Quand la réunion prit fin, ce ne fut pas sur la décision du roi, mais à la demande de Possuyl, qui se plaignait d’être complètement épuisé et demanda que la suite fût remise au lendemain. Le roi y consentit d’assez mauvaise grâce. Possuyl se retira, sur quoi Gérard se déclara lui-même quelque peu fatigué ; il indiqua l’horloge, qui annonçait que minuit approchait. Adelrune se joignit à lui avec un murmure. Il ne se sentait pas tant fatigué qu’étourdi par les discussions et l’avalanche de chiffres.
— Bah, faites comme il vous plaira ! dit le roi avec autant de mauvaise humeur que de bonne. Quant à moi, je vais aller sur le pont et parler au navigateur en poste. Nous partons à l’aube.
Il quitta l’Octogone à grands pas. Adelrune resta seul avec Gérard le Molosse. Il y eut un instant de silence.
— Je ne veux pas me quereller avec vous, messire, dit Adelrune. Mais je vous prie de bien vouloir répondre franchement à la question que je vous ai déjà posée – je vous jure de garder votre réponse par-devers moi.
Le Molosse renifla.
— Je suis mon roi où qu’il aille. S’il part en guerre, je continuerai à le servir et à le conseiller, mais je ne perdrai pas mon temps à lui dire ce qu’il ne saurait entendre. Je n’ai aucune idée de nos chances contre Ossué ; je me contenterai de combattre pour mon roi jusqu’à mon dernier souffle.
— Vous n’êtes pas homme à changer d’idée aisément, dit Adelrune.
— Ne m’insultez pas avec vos accusations, dit le Molosse. Quand l’humeur de mon roi change, je change avec elle, sans jamais me plaindre. Les jours où il ne trouve de goût à rien sauf à la poésie, je m’assieds à côté de son lit et je récite des sonnets jusqu’à en perdre la voix. C’est Possuyl qui ne change jamais d’idée. Il était un jeune homme de vingt ans quand le Vaisseau a pris la mer. Sa dulcinée fut emportée : elle faisait partie du paiement à Ossué pour la dernière cargaison de bois utilisée pour parachever le Vaisseau. Sa haine d’Ossué est la seule chose qui l’ait gardé en vie depuis tout ce temps. Je me suis souvent demandé si je ne devrais pas le tuer, mais mon roi fait grand cas de son conseil, et Possuyl est assez rusé pour ne pas l’importuner quand son humeur n’est pas appropriée.
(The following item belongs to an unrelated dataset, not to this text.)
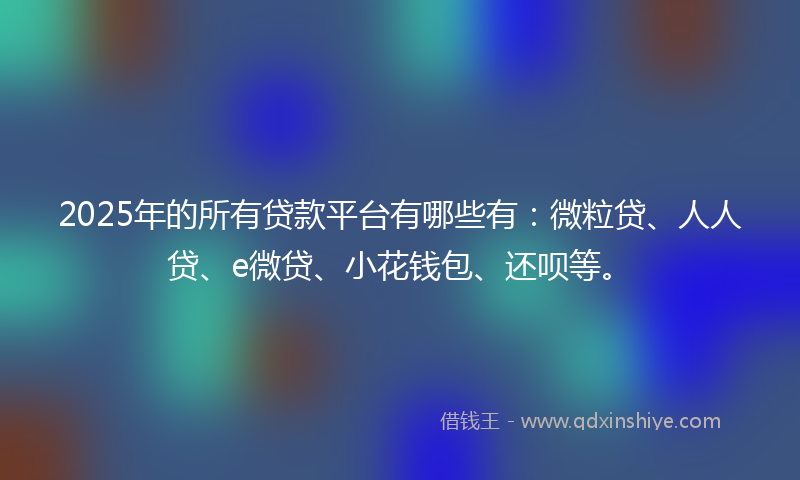 2025年的所有贷款平台有哪些有：微粒贷、人人贷、e微贷、小花钱包、还呗等。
Et je dois vous avertir : si vous tentez d’imposer votre volonté à mon roi, je vous tuerai sans le moindre scrupule.
Et Gérard le Molosse quitta la pièce sans un autre mot.
Adelrune retrouva son chemin hors du Palais non sans quelque difficulté et s’en retourna à ses quartiers, pour y découvrir un jeune serviteur assoupi dans sa chaise. Quand il l’eut réveillé, le garçon lui expliqua qu’il devait le conduire à ses nouveaux quartiers, dans une des ailes du Palais. Adelrune haussa les épaules et revint sur ses pas, suivant le garçon.